**WORK INSTRUCTION**
Only the lines from the one containing "In- und Outdoor" through the final line below belong in the output, copied exactly and without pictures.

Saved data entries:
========
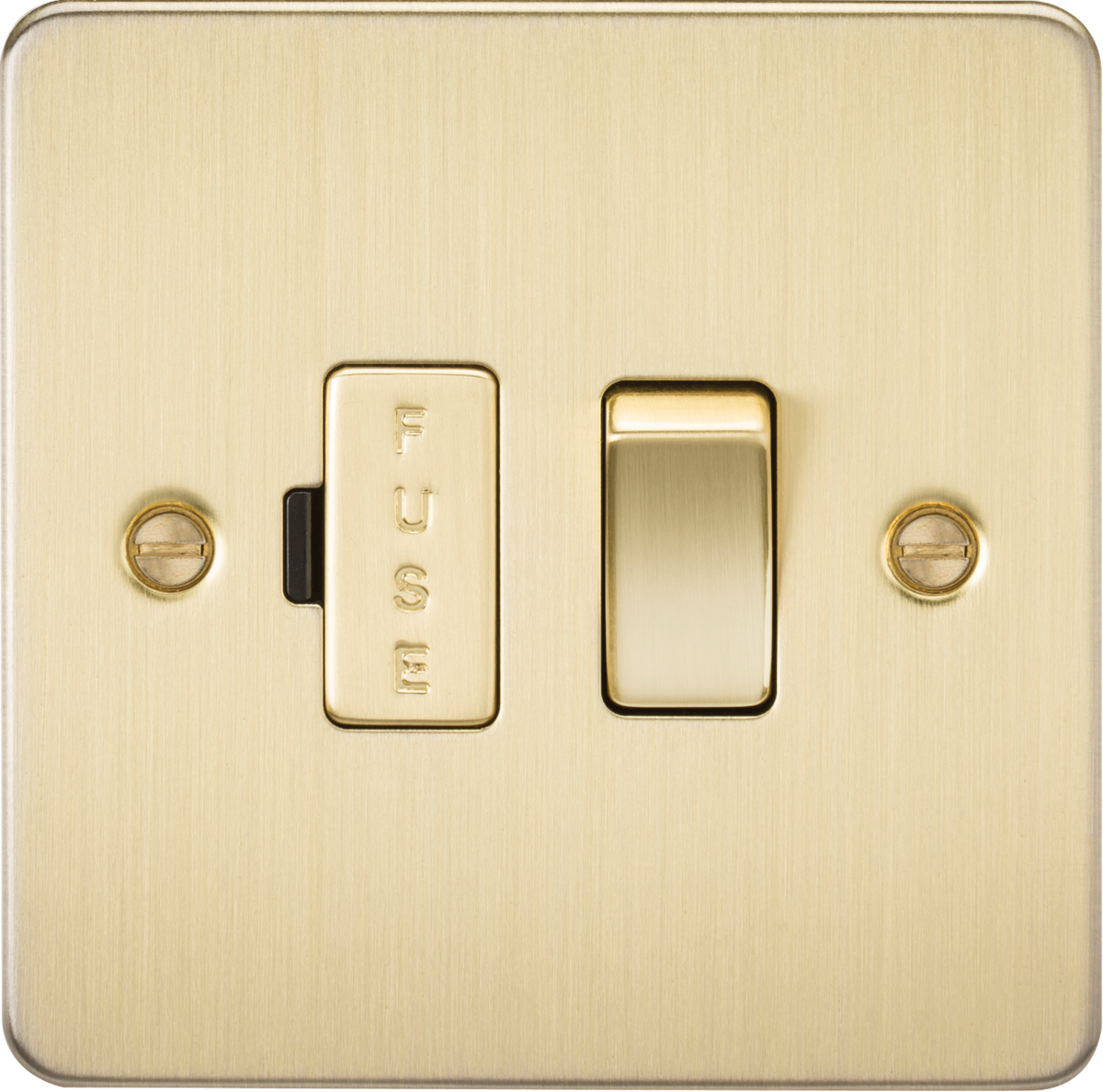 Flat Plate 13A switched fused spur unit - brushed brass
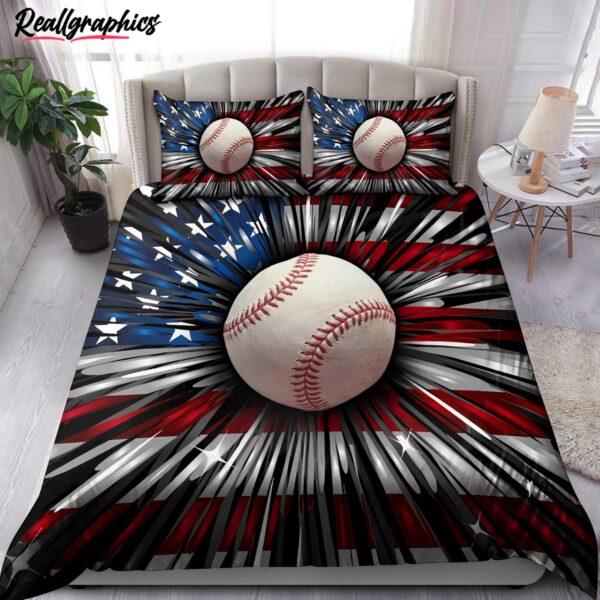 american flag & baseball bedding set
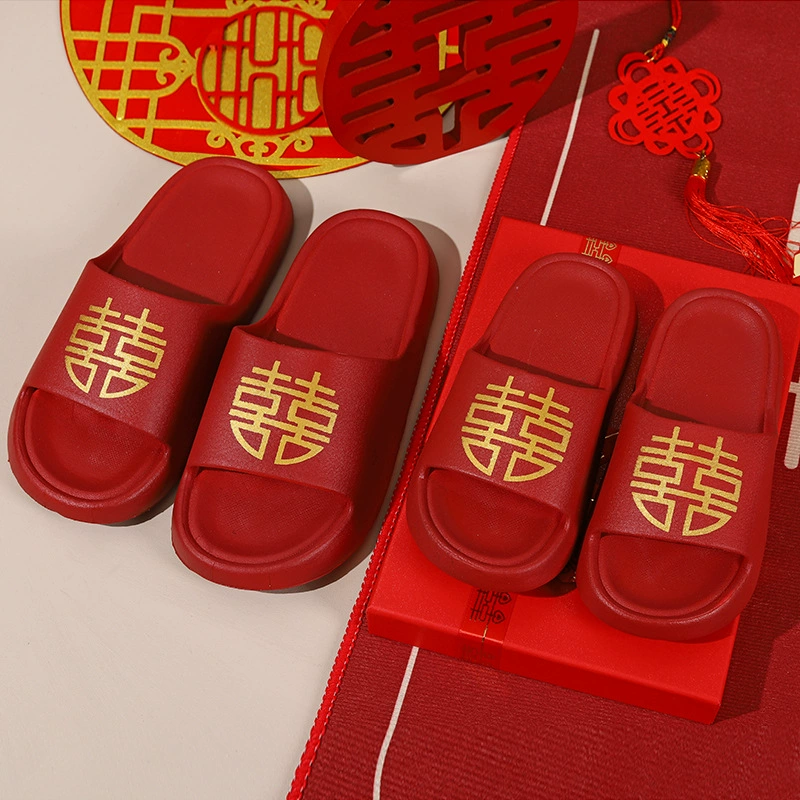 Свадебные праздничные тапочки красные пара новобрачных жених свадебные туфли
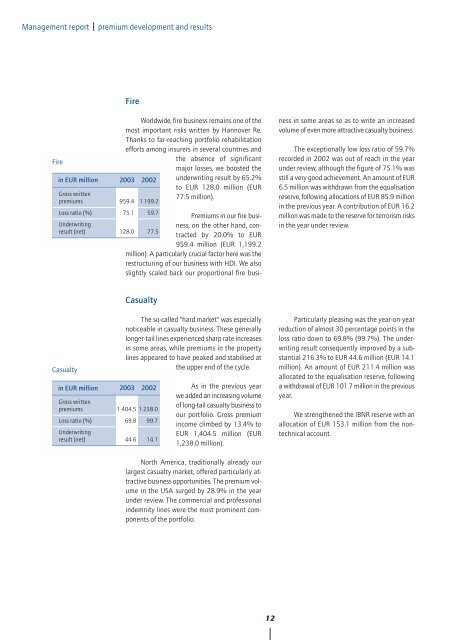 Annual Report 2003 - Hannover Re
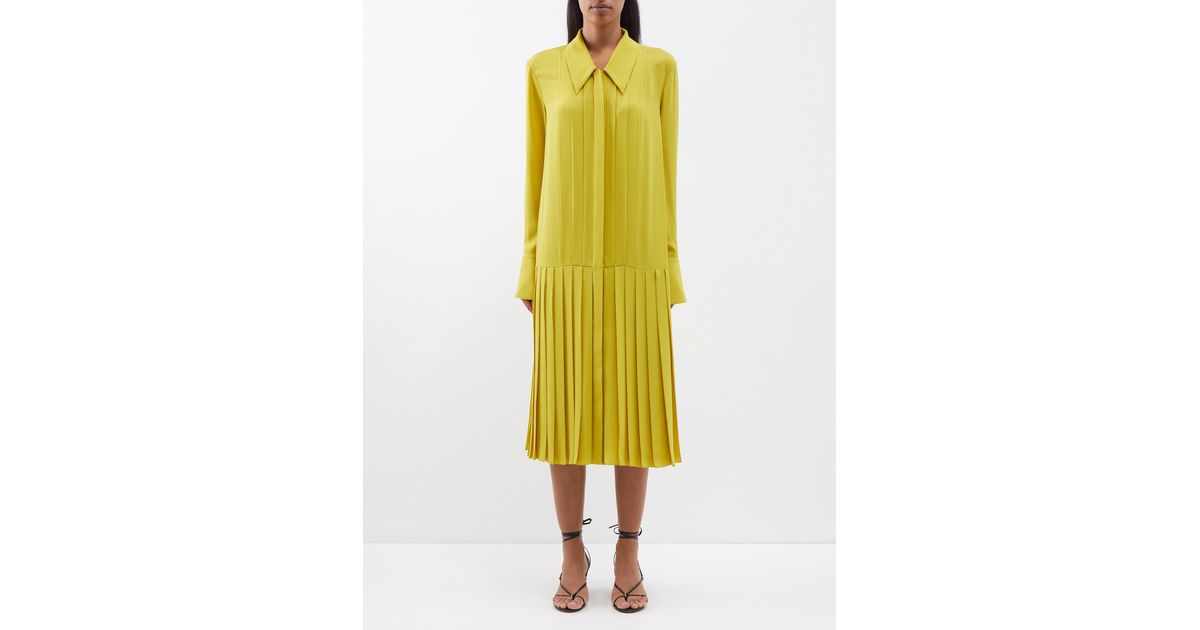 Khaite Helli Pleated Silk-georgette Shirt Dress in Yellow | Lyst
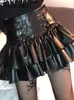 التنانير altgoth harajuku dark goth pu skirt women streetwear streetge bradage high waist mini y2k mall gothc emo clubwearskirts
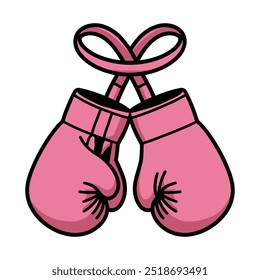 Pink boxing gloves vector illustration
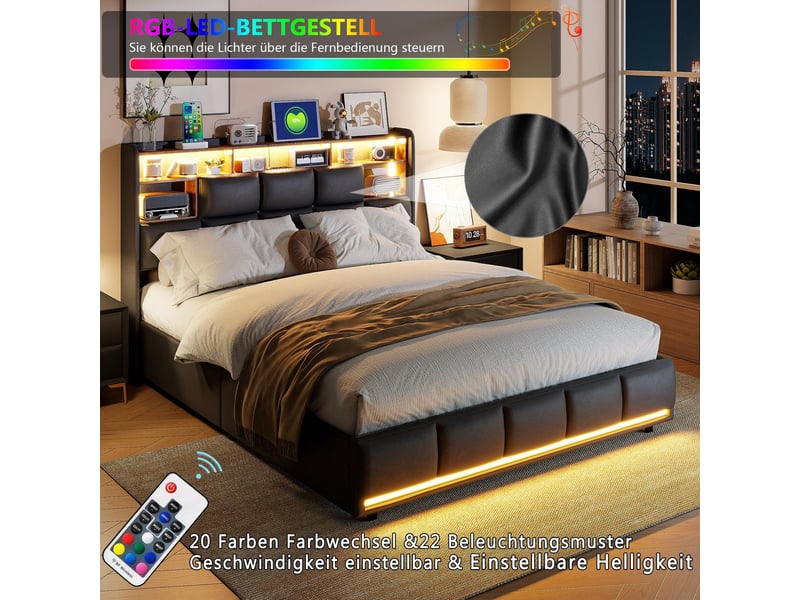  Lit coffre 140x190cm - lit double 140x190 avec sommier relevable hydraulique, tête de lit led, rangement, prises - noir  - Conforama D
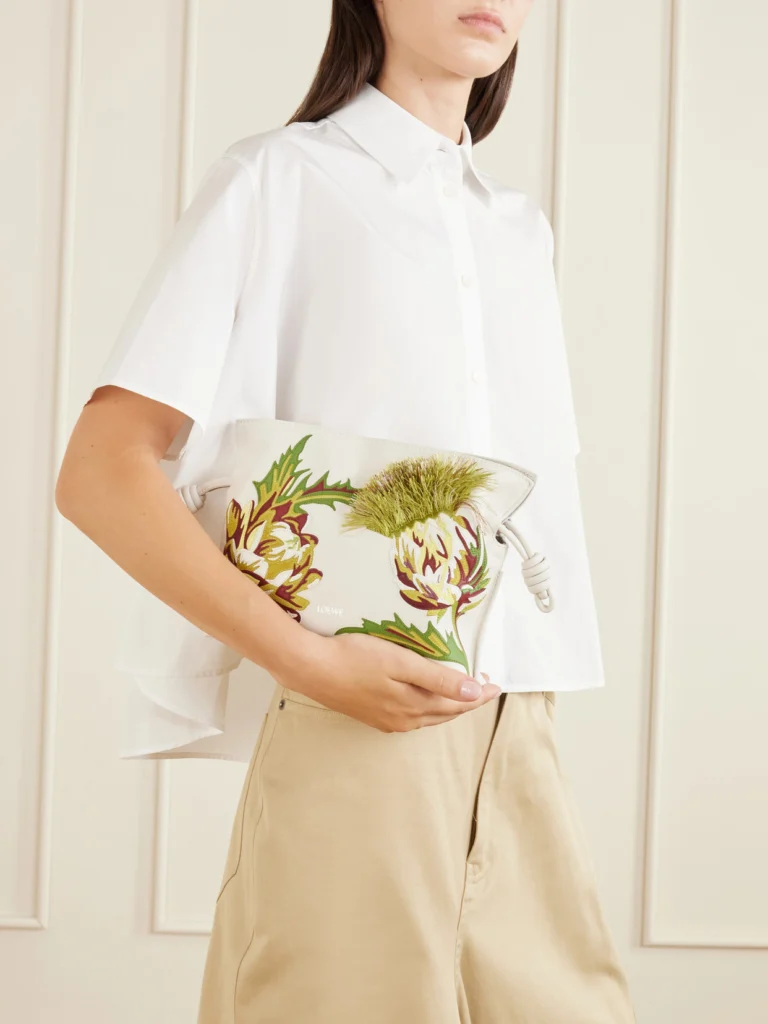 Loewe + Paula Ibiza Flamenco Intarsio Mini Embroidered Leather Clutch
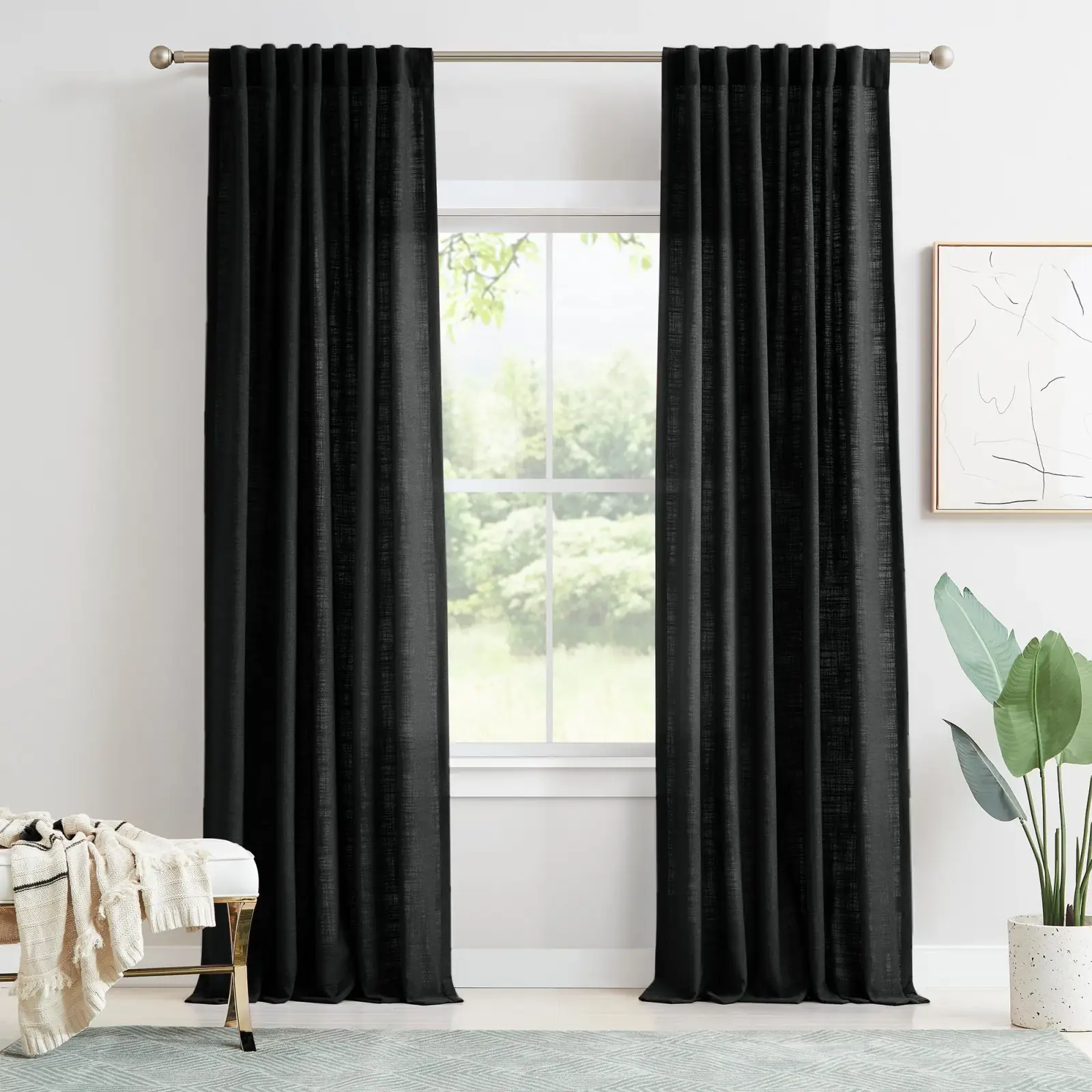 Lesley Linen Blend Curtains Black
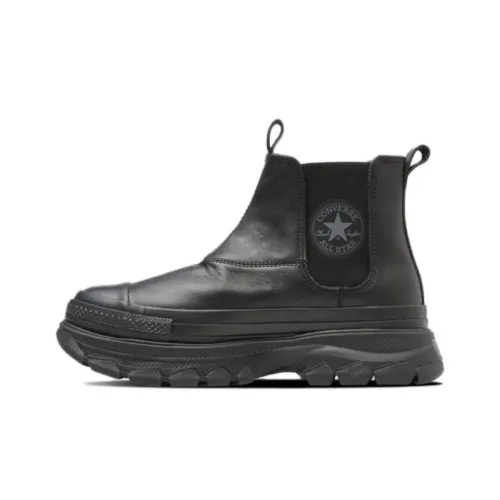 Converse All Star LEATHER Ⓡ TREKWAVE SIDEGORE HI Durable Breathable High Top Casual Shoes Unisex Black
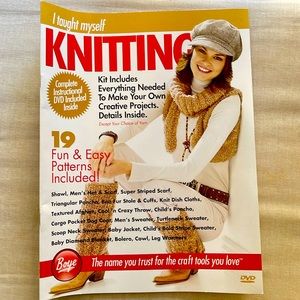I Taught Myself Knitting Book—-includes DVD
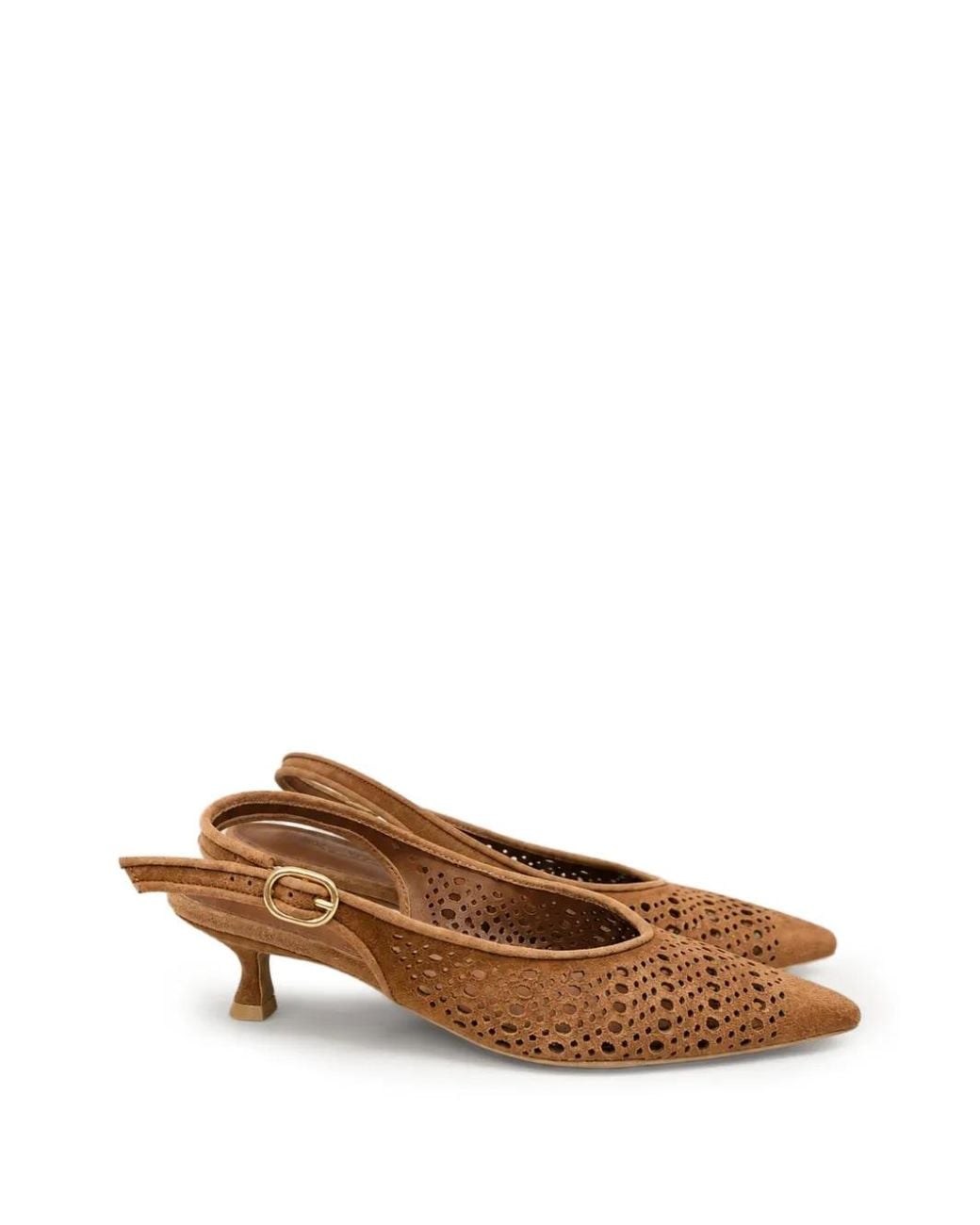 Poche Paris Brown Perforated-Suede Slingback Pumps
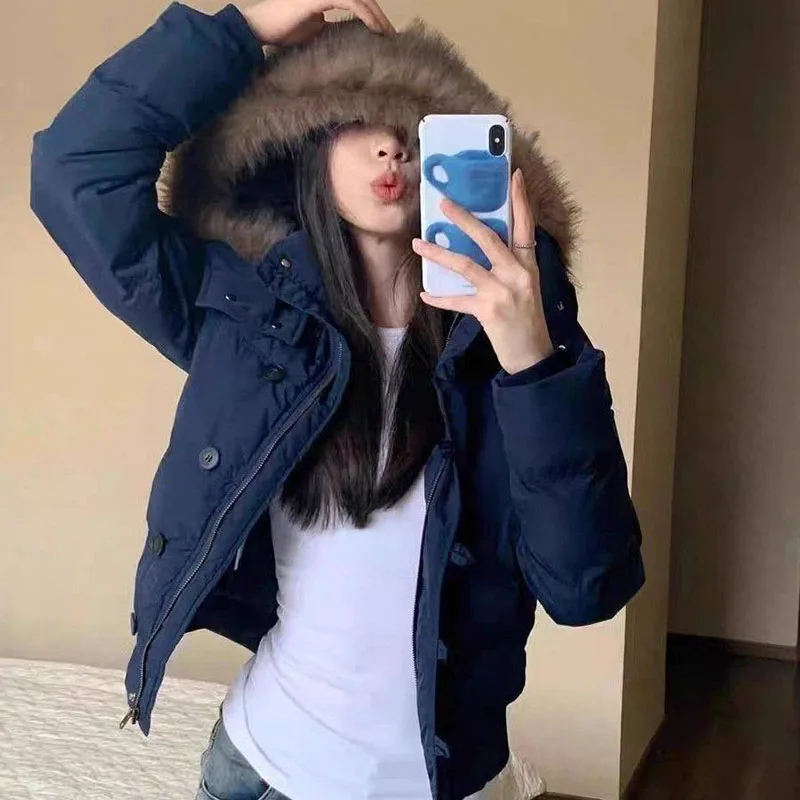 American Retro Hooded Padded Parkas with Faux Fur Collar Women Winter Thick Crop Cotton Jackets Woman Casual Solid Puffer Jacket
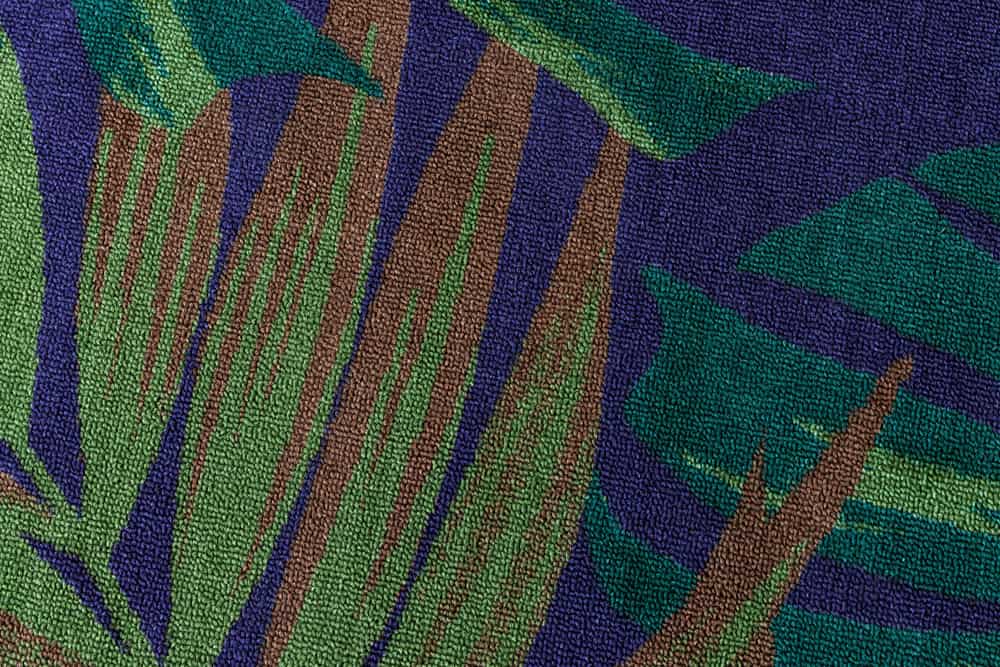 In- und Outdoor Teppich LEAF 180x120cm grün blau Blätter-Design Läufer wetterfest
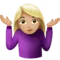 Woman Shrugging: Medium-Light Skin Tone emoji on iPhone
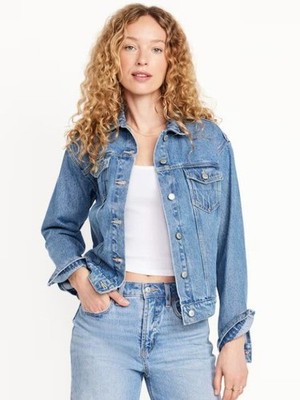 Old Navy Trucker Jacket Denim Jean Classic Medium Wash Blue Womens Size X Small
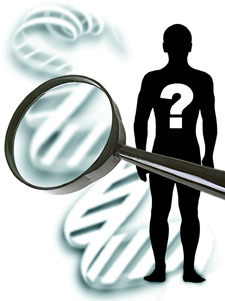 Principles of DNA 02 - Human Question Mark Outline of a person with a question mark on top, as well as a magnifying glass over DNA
========
**REPLY TO THE EXERCISE**
 In- und Outdoor Teppich LEAF 180x120cm grün blau Blätter-Design Läufer wetterfest
 Woman Shrugging: Medium-Light Skin Tone emoji on iPhone
 Old Navy Trucker Jacket Denim Jean Classic Medium Wash Blue Womens Size X Small
 Principles of DNA 02 - Human Question Mark Outline of a person with a question mark on top, as well as a magnifying glass over DNA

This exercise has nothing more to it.